Fjodor Dostojewskij - Der Idiot

Es gibt 35 Antworten in diesem Thema, welches 12.023 mal aufgerufen wurde. Der letzte Beitrag () ist von Mäusedudler.

  • Hallo Ihr,


    es ist ein Hochgenuss Eure Gedanken zu lesen, fast besser, wie der Roman.


    Ganz große Klasse.


    Dazu fällt mir im Moment nichts Gescheites ein, um mich einzuklinken.



    Gruß


    gretchen

  • Ohh, Mombour,


    bitte nicht Rotwerden.


    Ich fand die Leserude zuerst sehr, sehr lasch, wobei ich mich selber in meine Kritik mit einschließen muß und ich hatte auch gar keine Lust mehr, das Buch weiterzulesen, aber durch Eure Diskussion wurde ich so richtig aufgescheucht, doch weiterzulesen und das finde ich klasse.


    Das war der Kick, der mit gefehlt hat. :daumen:


    Liebe Grüße


    gretchen

  • Ich bin mittlerweile im zweiten Teil angelangt, der Fürst war in Moskau und ist nun wieder zurück in Petersburg.
    Mir ist bisher nicht klar, wieviel er nun geerbt hat: ist er nun reich oder nicht? Oder hat er in seiner Großmut gleich mehr ausgeben als sinnvoll?


    Interessant ist zunächst vor allem sein Brief an Aglaja, sein Verhältnis zu ihr bleibt im unklaren - allerdings auch wohl ihm selbst.


    Nach seiner Rückkehr nach Petersburg fand ich dann seinen Besuch bei Rogoschin sehr spannend. Dieser dreht mehr und mehr durch, als Frau hätte ich glaube ich auch Angst vor ihm. Nastassjas Problem ist wohl vor allem, dass sie sich selbst unwürdig findet und nicht glaubt, den Fürsten verdient zu haben, lediglich jemand wie Rogoschin kommt ihr als Ehemann möglich vor, da es ihr bei ihm wohl egal ist, ob sie ins Gerede bringt. Außerdem scheint es ihr wohl auch egal zu sein, ob ihr etwas geschieht (ob nun durch Rogoschin oder jemand anders). Bei ihrer Vergangenheit wohl kaum verwunderlich. Interessanter finde ich da Rogoschin, da mir weiter unklar ist, warum er ein so krankhaftes Verhältnis zu Nastassja hat. Über seine Vergangenheit weiss man zu diesem Zeitpunkt einfach zu wenig, um da Rückschlüsse ziehen zu können.

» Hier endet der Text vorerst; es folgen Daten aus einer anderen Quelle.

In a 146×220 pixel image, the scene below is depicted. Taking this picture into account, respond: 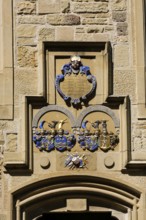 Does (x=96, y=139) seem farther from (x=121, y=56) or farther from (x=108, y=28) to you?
(x=108, y=28)

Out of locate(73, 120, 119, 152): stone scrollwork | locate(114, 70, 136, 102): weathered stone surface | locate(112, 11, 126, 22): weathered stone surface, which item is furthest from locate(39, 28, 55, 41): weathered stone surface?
locate(73, 120, 119, 152): stone scrollwork

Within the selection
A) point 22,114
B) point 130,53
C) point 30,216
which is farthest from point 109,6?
point 30,216

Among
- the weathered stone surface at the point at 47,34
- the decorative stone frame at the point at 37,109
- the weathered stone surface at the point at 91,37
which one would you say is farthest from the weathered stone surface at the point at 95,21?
the weathered stone surface at the point at 47,34

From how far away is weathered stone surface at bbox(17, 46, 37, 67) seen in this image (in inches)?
551

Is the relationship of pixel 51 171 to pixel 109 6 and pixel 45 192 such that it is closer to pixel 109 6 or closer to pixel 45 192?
pixel 45 192

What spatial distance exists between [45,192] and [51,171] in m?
0.25

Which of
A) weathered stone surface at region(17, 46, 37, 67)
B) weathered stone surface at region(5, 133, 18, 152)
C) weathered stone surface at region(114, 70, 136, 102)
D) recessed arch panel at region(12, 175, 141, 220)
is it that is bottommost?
recessed arch panel at region(12, 175, 141, 220)

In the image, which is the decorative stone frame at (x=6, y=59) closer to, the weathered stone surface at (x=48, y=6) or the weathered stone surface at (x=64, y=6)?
the weathered stone surface at (x=48, y=6)

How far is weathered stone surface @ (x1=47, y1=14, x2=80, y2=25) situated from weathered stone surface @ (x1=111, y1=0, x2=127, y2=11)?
1.47ft

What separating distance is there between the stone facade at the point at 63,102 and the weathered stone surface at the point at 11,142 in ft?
0.04

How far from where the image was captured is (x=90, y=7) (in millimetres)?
14164

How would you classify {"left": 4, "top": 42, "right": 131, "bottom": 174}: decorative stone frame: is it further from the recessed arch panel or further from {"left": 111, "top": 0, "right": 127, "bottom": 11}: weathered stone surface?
{"left": 111, "top": 0, "right": 127, "bottom": 11}: weathered stone surface

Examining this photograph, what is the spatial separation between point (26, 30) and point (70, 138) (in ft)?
4.47

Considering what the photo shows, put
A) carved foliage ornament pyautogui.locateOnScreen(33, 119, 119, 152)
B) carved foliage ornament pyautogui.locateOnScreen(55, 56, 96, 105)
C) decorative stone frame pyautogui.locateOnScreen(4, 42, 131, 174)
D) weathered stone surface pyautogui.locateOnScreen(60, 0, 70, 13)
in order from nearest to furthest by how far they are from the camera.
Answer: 1. decorative stone frame pyautogui.locateOnScreen(4, 42, 131, 174)
2. carved foliage ornament pyautogui.locateOnScreen(33, 119, 119, 152)
3. carved foliage ornament pyautogui.locateOnScreen(55, 56, 96, 105)
4. weathered stone surface pyautogui.locateOnScreen(60, 0, 70, 13) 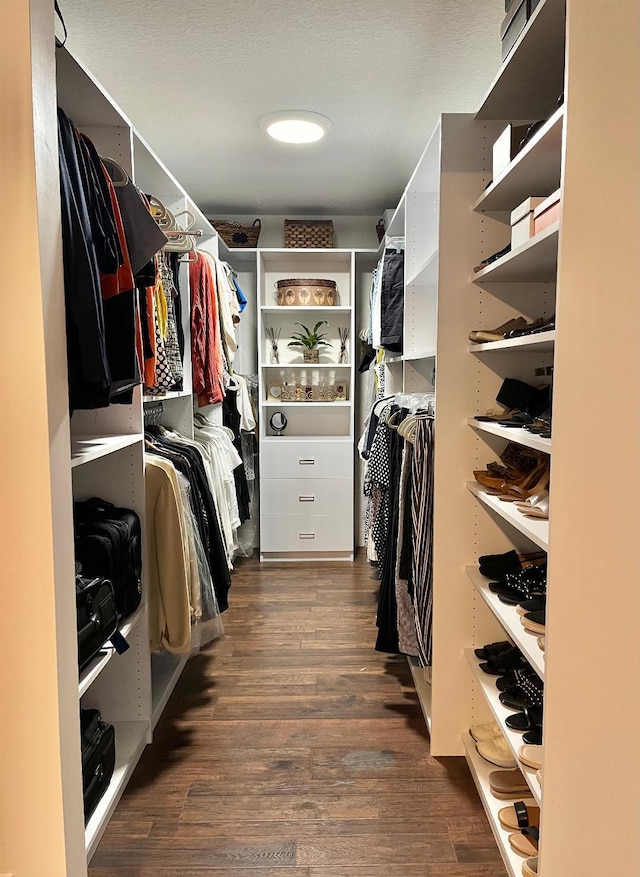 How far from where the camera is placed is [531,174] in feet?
5.47

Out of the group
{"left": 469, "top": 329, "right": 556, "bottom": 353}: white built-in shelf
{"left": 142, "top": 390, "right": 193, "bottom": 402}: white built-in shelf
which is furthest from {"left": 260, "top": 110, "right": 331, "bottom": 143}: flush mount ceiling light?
{"left": 469, "top": 329, "right": 556, "bottom": 353}: white built-in shelf

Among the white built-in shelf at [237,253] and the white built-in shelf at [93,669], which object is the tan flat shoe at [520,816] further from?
the white built-in shelf at [237,253]

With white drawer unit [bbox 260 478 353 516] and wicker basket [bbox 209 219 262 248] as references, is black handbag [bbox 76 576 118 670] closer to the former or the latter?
white drawer unit [bbox 260 478 353 516]

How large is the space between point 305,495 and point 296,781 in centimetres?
245

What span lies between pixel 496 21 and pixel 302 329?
2.71m

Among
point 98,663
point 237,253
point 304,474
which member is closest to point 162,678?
point 98,663

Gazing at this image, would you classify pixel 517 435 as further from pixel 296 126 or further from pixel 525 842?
pixel 296 126

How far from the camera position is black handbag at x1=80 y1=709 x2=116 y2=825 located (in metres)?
1.70

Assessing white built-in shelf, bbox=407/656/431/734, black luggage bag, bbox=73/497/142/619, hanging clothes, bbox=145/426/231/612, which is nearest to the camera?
black luggage bag, bbox=73/497/142/619

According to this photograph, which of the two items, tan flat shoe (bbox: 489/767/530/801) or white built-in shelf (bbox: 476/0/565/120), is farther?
tan flat shoe (bbox: 489/767/530/801)

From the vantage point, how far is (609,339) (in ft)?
3.76

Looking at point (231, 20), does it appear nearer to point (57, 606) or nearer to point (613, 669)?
point (57, 606)

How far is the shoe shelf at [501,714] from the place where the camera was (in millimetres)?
1382

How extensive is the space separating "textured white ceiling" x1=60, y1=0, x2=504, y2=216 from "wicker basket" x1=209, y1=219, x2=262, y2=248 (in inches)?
25.9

    Im übrigen ist der Fürst wie bereits angemerkt natürlich kein Idiot. Ich glaube zudem auch, dass "gutgläubig" nicht das richtige Wort, denn das würde ja bedeuten, dass er seine Mitmenschen nicht richtig einschätzen kann und ebendies kann er meiner Meinung nach überaus gut. Er glaubt nicht, dass seine Mitmenschen besser sind als sie wirklich sind, sondern sieht sehr klar deren Fehler und Bewegründe für ihre Handlungen. Er passt sich dem aber nicht an, sondern bleibt immer er selbst und verhält sich so nicht wie es dem gängigen Muster entspricht.

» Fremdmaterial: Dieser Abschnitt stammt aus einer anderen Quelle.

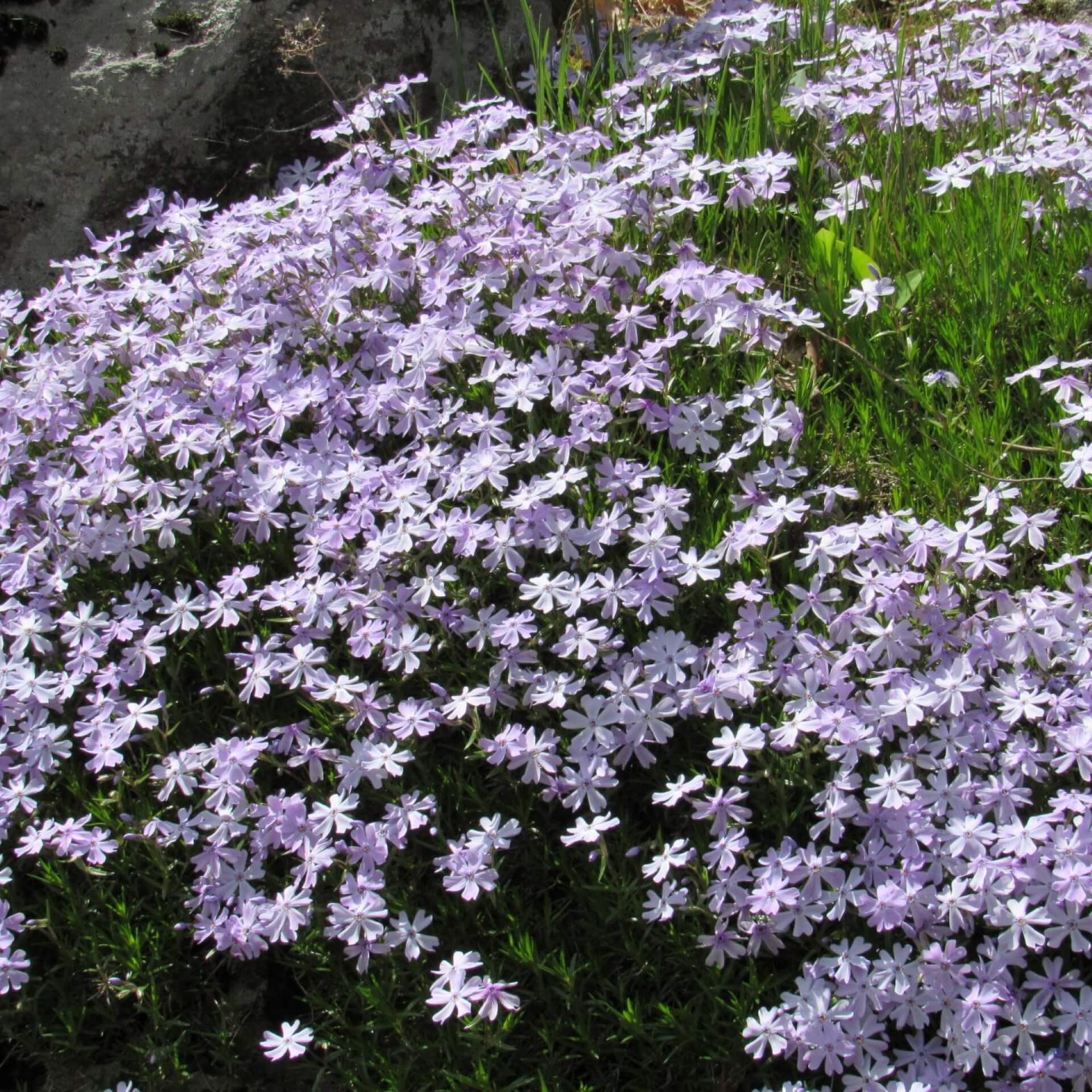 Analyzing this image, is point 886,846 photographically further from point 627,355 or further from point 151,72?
point 151,72

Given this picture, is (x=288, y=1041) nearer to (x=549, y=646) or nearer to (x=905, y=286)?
(x=549, y=646)

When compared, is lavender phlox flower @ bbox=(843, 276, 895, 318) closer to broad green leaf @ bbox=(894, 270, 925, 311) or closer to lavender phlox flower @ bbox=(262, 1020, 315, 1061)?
broad green leaf @ bbox=(894, 270, 925, 311)

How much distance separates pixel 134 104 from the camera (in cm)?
412

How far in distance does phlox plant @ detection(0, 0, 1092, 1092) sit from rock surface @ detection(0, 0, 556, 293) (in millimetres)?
858

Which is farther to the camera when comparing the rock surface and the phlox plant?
the rock surface

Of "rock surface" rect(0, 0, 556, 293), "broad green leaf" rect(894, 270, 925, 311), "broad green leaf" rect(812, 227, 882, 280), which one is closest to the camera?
"broad green leaf" rect(894, 270, 925, 311)

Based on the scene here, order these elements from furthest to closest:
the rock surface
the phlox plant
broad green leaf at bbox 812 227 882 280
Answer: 1. the rock surface
2. broad green leaf at bbox 812 227 882 280
3. the phlox plant

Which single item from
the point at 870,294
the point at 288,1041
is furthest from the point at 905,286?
the point at 288,1041

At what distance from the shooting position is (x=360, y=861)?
230 cm

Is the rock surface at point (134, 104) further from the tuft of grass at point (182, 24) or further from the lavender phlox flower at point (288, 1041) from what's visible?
the lavender phlox flower at point (288, 1041)

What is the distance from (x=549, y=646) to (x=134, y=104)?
278 centimetres

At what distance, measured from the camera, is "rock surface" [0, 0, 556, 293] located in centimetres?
411

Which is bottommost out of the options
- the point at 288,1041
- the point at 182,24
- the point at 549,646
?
Answer: the point at 288,1041

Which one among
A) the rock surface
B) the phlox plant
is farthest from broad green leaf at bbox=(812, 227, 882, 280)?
the rock surface
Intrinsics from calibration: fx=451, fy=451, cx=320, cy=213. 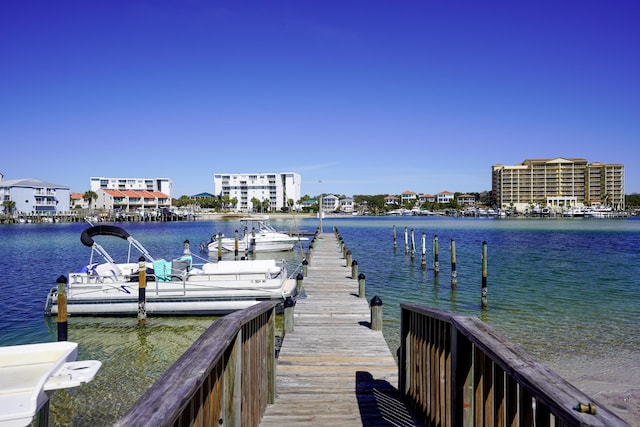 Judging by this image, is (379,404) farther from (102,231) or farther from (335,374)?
(102,231)

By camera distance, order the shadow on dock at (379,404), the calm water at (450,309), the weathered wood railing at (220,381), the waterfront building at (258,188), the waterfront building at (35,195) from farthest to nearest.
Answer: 1. the waterfront building at (258,188)
2. the waterfront building at (35,195)
3. the calm water at (450,309)
4. the shadow on dock at (379,404)
5. the weathered wood railing at (220,381)

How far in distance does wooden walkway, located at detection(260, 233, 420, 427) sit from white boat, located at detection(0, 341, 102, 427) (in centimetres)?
240

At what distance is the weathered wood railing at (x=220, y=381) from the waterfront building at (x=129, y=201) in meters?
153

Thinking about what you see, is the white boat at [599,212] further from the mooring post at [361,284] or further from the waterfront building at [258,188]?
the mooring post at [361,284]

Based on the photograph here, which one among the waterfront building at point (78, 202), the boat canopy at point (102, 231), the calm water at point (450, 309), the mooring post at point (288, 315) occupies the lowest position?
the calm water at point (450, 309)

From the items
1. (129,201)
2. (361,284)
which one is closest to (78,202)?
(129,201)

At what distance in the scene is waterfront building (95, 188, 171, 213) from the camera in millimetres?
146750

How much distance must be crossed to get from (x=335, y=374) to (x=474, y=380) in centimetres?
430

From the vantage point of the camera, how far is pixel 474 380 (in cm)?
374

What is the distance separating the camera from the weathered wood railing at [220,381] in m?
2.14

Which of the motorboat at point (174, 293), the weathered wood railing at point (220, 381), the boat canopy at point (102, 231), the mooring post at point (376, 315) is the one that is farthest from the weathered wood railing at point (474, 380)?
the boat canopy at point (102, 231)

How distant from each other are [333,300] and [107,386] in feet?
22.5

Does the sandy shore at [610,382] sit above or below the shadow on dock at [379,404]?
below

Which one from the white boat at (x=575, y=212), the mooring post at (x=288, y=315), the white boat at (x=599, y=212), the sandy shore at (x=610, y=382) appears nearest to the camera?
the sandy shore at (x=610, y=382) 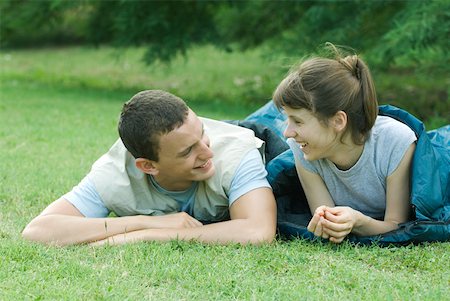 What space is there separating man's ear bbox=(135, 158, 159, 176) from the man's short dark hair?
59 millimetres

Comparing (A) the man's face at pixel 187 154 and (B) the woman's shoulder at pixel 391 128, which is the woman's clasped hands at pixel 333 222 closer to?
(B) the woman's shoulder at pixel 391 128

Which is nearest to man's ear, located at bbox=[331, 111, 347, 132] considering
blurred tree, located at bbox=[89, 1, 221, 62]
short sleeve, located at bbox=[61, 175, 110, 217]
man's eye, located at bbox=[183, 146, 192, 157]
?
man's eye, located at bbox=[183, 146, 192, 157]

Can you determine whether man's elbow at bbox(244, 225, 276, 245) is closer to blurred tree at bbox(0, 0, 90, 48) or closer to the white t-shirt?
the white t-shirt

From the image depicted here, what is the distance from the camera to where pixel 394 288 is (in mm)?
3600

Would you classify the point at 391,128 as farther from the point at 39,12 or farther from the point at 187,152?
the point at 39,12

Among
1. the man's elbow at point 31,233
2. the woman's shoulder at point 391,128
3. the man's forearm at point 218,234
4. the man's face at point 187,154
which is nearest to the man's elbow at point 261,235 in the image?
the man's forearm at point 218,234

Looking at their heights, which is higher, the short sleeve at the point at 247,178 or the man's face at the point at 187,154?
the man's face at the point at 187,154

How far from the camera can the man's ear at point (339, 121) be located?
423cm

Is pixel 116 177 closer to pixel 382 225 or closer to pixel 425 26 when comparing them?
pixel 382 225

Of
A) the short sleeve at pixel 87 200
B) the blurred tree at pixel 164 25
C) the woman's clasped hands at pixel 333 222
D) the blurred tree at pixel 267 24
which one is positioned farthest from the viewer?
the blurred tree at pixel 164 25

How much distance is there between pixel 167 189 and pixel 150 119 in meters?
0.54

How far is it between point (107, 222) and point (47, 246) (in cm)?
33

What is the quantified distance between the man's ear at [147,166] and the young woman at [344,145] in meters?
0.72

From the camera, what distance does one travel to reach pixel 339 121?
14.0 feet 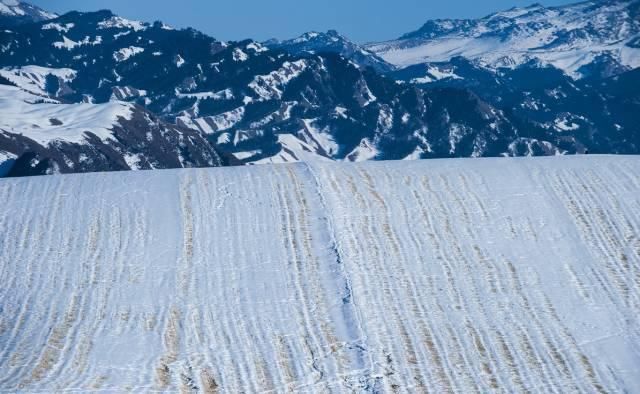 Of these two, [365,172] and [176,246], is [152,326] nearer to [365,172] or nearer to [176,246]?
[176,246]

    :lesen: Naomi Novik - Uprooted

  • Hallo,


    Interessant in Bezug auf das Gute im Menschen, und Aglaja spielt auf den Fürsten an, ist also der Vortrag der Jepantschin-Tochter eines Puschkin-Gedichtes mit Namen "Der Arme Ritter". In dem sie im Gedicht bestimmte Initialen tauscht, ist ein direkter Bezug der Beziehung zwischen Natassja und Myschkin gegeben. Raffiniert. Das Gedicht spielt auf die Hohe Minne an, ebenso auf "Don Quijote", den Dostojewskij zur Schaffung der Figur des Fürsten Myschkin



    Ziemlich pampig und gemein sind übrigens die Vorwürfe (BuchII, Kap.VIII), die in dem Artikel der satirischen Zeitschtift über den Fürsten gemacht werden. Ganz frech:


    Zitat

    Für einen Parasiten aus der besitzenden Klasse war nichts natürlicher, als sich einzubilden, daß man für Geld auf dem Markt sogar Verstand (und insbesondere in der Schweiz) kaufen könnte.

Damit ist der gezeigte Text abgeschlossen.